GIVEN INFORMATION ::

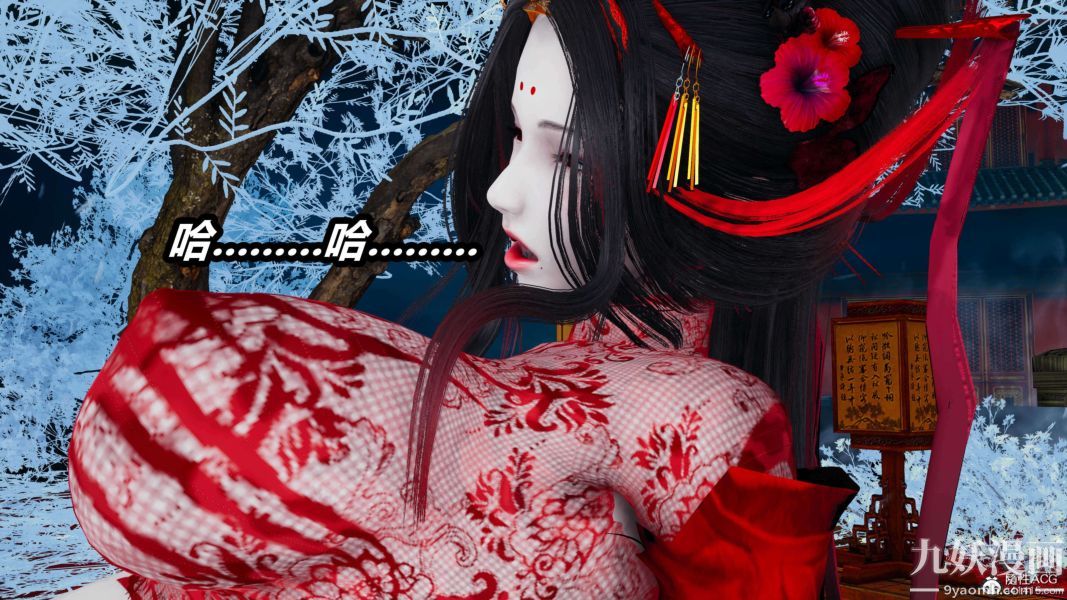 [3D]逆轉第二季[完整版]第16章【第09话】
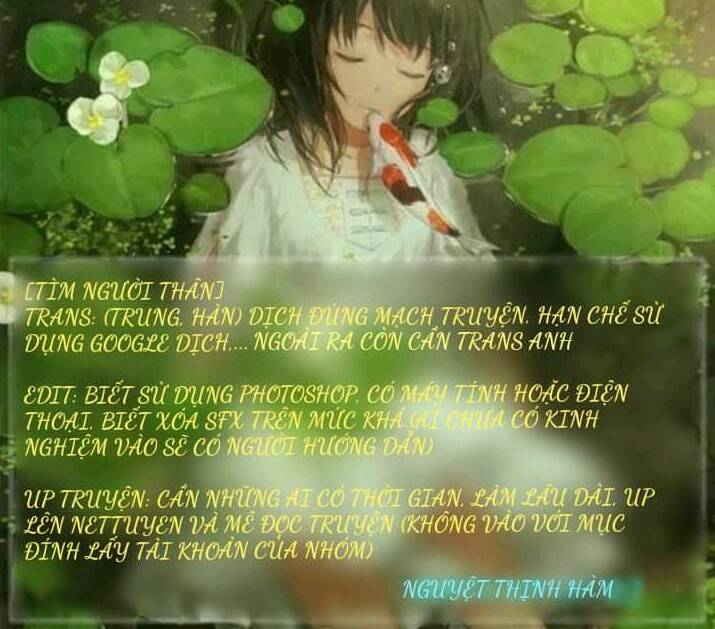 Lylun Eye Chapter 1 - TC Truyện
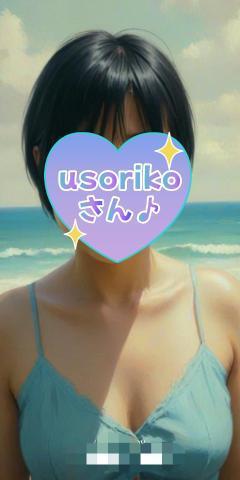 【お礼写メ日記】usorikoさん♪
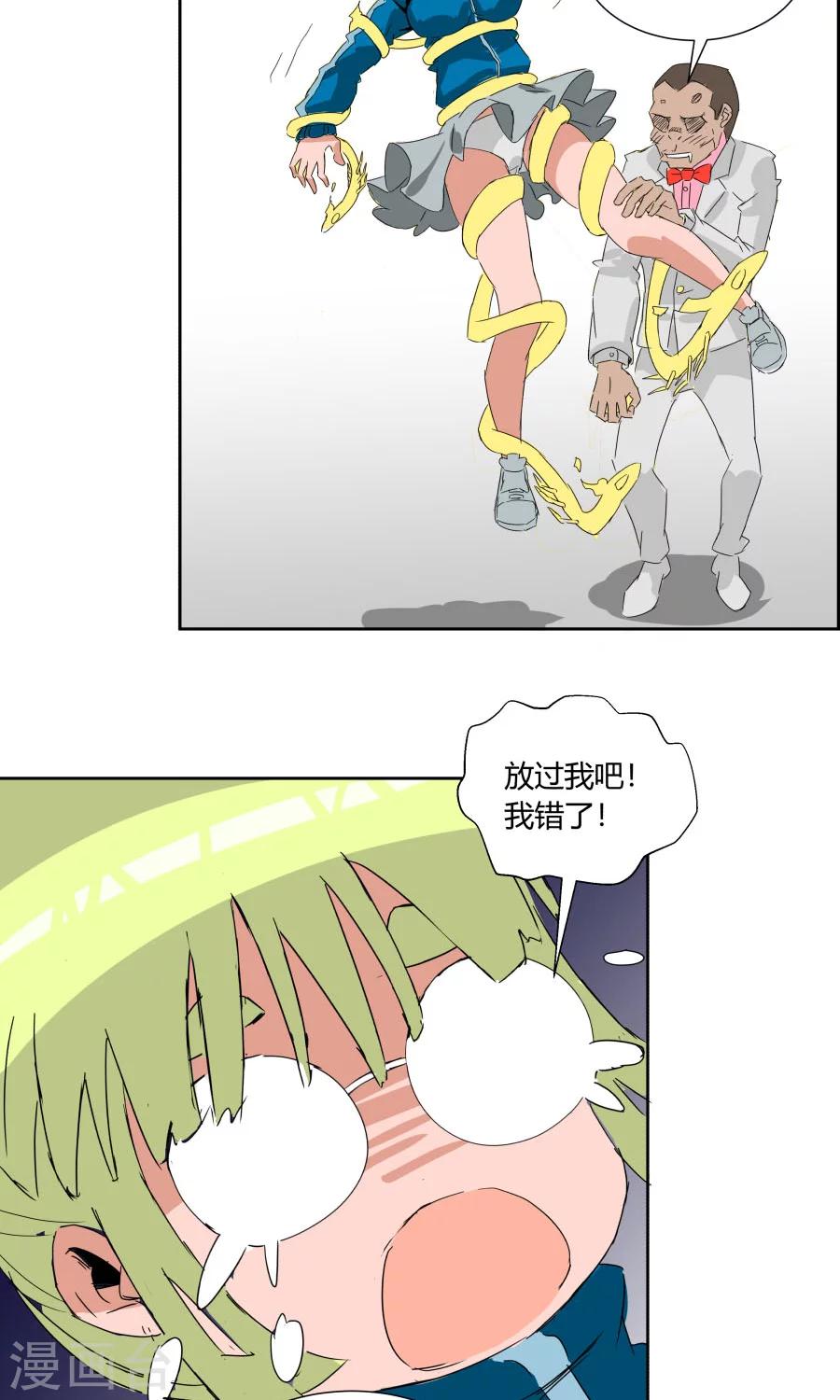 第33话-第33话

TASK TO CARRY OUT ::
Would you reproduce each line of the material exactly, omitting the images?

ANSWER ::
 [3D]逆轉第二季[完整版]第16章【第09话】
 Lylun Eye Chapter 1 - TC Truyện
 【お礼写メ日記】usorikoさん♪
 第33话-第33话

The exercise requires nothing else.